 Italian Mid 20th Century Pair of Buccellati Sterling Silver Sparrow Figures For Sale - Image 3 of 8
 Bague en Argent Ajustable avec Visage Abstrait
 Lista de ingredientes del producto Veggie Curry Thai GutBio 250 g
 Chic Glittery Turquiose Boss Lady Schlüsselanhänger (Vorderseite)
---
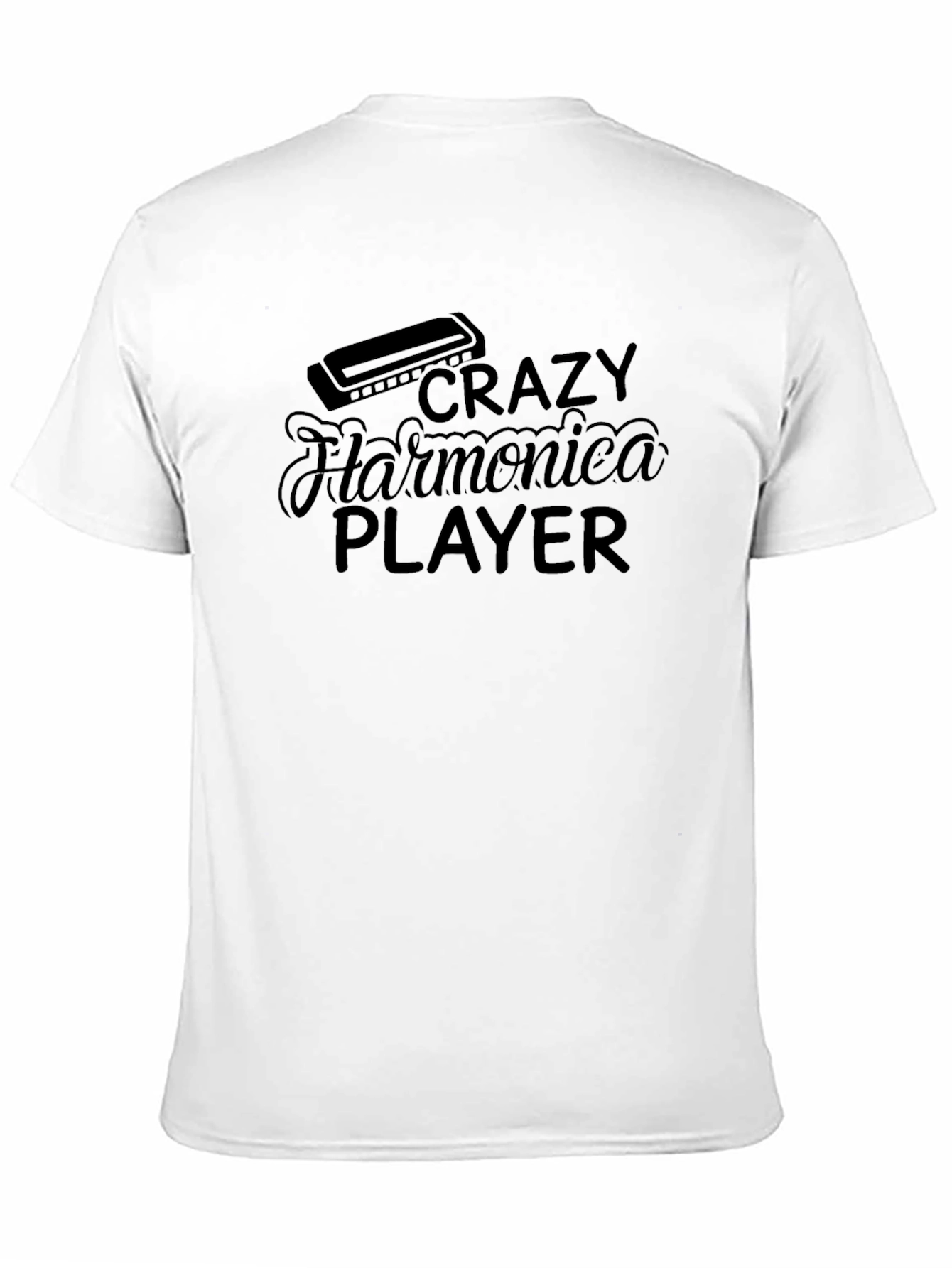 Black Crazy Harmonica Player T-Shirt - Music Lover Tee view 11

_ASSIGNED TASK:_
From the data above, reproduce word for word the lines running from the line with "Italian Mid 20th" to the line with "Chic Glittery Turquiose", ends included.

_FINISHED TASK:_
 Italian Mid 20th Century Pair of Buccellati Sterling Silver Sparrow Figures For Sale - Image 3 of 8
 Bague en Argent Ajustable avec Visage Abstrait
 Lista de ingredientes del producto Veggie Curry Thai GutBio 250 g
 Chic Glittery Turquiose Boss Lady Schlüsselanhänger (Vorderseite)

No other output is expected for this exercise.